We explain you what a SPAC is and how you can take profit with a SPAC.
We changed and tinkered with a lot of the features to improve in the program and eliminate some of the regulatory tension that the SEC didn’t like, and other features that business people thought were causing problems.
Celtic Asset & Equity Partners is in permanent exchange with the parties involved in the market in order to contribute their experiences and assessments to an optimization of a SPAC right from the beginning.
A Special Purpose Acquisition Company is a newly formed corporation formed by a prominent and qualified management team for the purpose of raising capital in an initial public offering in anticipation of identifying and completing a business combination.
The corporation is usually incorporated in Delaware, the Cayman Islands or the British Virgin Islands, but any jurisdiction is suitable.
A SPAC has no business activity until the first acquisition is completed.
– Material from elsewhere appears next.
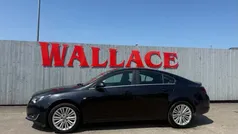 Used 2017 Vauxhall Insignia Design Edition Hatchback | £4,995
After the merger or acquisition of the target company (‚the Business Combination‘) the new corporation is now a regular public corporation, traded at a well-reputed stock exchange like Nasdaq or NYSE. While other stock exchanges like Euronext and SEHK are suitable as well, the New York exchanges are by far the leading stock exchanges by number and volume that are dealing with SPACs.
SPAC provide a potential permanent capital solution for sponsors through access to public markets, which allows for more open-ended private equity investments
To start a SPAC, the pre-IPO expenses have to be covered and are paid against a promissory note by the Sponsor. A at risk capital of approximately 5% is paid and used as working capital; in exchange, the Sponsors recive a unit of a founder share and a warrant plus a premium in equity that values up to three times of their investment.
Preparing the IPO is a task where a reliable and vivid communication has to be orchestered between the involved parties.
The underwriter introduces the SPAC and its managment team to institutional investors during a roadshow prior to an IPO. During the Initial Public Offering, the SPAC will raise money and then place the raised funds in a trust account. Most management teams have little or no experience with the details about going public with a company, especially not with a Special-Purpose Acquisition Company. We recommend leading advisors and servicing companies in the SPAC segment of an IPO as well as adding our experience. Further, we secure the communication between all involved parties.
For many recently retired Chief Executives, leading a SPAC offers the optimal combination of opportunity and activity. The large majority of former public company CEOs are not interested in jumping back into a similarly all-consuming leadership role.
They have been there, done that, and most have taken enough chips off the table to be choosy. But most CEOs want to stay active in business and are eager to pursue interesting opportunities.